● **Required action**:
Using the data below, gather each line that includes the word "Printable".

● **Supplied records**:
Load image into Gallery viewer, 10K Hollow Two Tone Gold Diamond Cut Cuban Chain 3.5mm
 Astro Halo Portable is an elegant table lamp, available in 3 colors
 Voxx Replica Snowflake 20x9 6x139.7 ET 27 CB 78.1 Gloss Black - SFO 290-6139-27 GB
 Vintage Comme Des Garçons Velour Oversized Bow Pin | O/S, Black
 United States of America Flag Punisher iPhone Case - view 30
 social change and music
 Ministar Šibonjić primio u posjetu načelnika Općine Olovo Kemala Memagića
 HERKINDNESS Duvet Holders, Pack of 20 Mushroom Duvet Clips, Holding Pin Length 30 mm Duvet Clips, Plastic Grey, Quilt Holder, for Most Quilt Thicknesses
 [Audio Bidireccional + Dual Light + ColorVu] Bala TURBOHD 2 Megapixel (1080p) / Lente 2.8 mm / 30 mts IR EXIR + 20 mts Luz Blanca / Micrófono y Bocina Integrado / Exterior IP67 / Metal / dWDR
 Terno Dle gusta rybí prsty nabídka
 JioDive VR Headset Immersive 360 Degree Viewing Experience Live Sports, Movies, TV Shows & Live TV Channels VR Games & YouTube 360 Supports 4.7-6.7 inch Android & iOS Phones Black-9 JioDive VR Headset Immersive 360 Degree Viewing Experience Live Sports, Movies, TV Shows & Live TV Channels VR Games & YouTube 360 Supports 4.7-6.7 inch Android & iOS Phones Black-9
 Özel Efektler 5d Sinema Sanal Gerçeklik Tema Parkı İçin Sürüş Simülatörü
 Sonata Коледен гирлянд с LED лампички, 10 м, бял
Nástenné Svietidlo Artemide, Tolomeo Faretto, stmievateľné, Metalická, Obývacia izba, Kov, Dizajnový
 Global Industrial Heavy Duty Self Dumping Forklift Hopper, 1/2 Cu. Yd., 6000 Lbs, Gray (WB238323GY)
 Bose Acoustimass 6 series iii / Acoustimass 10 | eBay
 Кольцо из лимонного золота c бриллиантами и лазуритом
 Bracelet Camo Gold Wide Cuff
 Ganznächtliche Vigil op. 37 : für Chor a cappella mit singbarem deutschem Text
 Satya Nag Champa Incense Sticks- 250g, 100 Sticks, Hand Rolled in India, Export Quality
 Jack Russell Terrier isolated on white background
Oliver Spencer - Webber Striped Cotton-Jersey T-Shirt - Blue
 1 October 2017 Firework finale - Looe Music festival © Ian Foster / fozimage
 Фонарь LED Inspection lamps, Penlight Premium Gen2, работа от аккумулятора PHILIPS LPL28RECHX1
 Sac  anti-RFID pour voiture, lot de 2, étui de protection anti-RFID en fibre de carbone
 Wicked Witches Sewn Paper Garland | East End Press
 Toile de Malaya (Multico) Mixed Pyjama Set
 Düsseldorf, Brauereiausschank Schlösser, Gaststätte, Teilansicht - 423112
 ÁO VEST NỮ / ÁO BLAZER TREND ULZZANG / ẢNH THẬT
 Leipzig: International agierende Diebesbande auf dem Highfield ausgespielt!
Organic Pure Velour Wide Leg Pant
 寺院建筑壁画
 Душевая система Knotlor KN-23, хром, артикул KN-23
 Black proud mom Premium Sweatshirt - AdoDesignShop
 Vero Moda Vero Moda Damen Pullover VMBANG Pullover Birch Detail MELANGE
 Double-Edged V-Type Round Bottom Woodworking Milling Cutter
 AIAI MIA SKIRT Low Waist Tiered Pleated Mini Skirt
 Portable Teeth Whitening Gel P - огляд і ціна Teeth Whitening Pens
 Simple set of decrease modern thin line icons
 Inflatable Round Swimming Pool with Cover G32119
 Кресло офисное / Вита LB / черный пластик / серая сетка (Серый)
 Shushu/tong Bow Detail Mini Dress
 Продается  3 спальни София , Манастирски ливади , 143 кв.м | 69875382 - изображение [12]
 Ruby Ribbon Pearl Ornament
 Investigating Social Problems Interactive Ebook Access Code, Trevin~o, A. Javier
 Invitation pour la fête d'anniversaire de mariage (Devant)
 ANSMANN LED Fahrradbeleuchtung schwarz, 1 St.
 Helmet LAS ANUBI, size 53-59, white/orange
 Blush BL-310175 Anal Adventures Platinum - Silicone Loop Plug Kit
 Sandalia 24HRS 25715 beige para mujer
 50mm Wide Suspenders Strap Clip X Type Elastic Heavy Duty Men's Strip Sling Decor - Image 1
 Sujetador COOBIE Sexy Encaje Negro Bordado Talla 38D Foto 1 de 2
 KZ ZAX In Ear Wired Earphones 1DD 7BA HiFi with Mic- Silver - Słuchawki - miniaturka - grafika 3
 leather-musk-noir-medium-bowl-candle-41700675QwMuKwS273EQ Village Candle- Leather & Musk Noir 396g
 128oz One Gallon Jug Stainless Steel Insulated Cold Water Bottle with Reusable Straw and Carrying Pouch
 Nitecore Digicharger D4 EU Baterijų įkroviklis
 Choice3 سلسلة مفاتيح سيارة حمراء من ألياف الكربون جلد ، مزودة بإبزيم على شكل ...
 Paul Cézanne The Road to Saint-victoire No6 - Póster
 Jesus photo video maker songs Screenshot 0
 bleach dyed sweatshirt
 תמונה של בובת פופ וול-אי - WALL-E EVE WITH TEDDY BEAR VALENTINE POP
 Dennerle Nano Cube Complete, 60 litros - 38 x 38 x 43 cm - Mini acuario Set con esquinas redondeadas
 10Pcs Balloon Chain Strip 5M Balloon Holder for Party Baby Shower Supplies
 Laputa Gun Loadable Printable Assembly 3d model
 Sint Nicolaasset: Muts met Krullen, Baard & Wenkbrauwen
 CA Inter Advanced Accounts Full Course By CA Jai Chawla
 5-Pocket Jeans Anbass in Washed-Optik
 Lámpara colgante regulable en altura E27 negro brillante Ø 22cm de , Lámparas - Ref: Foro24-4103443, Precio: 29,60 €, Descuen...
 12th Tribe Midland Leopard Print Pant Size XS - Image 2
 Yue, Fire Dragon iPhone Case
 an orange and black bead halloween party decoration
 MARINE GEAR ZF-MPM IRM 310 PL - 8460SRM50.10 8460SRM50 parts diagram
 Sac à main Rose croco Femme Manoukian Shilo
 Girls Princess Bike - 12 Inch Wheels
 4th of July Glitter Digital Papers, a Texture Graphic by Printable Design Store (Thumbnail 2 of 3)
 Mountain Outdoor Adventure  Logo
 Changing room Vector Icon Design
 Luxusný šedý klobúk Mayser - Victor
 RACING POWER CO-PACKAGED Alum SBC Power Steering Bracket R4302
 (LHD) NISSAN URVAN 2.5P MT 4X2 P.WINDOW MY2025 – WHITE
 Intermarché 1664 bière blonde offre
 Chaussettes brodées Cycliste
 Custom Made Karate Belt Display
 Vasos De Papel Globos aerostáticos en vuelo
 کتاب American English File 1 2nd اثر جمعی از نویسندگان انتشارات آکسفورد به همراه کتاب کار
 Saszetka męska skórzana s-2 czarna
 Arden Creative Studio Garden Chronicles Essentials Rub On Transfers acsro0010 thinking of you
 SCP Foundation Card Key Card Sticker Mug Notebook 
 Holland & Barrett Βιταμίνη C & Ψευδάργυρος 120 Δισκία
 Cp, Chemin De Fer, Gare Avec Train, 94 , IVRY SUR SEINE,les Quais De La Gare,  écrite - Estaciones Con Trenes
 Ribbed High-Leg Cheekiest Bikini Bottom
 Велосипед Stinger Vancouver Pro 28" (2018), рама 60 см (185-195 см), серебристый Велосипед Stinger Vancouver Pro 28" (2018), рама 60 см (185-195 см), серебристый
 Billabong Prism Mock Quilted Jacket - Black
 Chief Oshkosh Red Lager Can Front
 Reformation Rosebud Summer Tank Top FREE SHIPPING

● **Response**:
 Laputa Gun Loadable Printable Assembly 3d model
 4th of July Glitter Digital Papers, a Texture Graphic by Printable Design Store (Thumbnail 2 of 3)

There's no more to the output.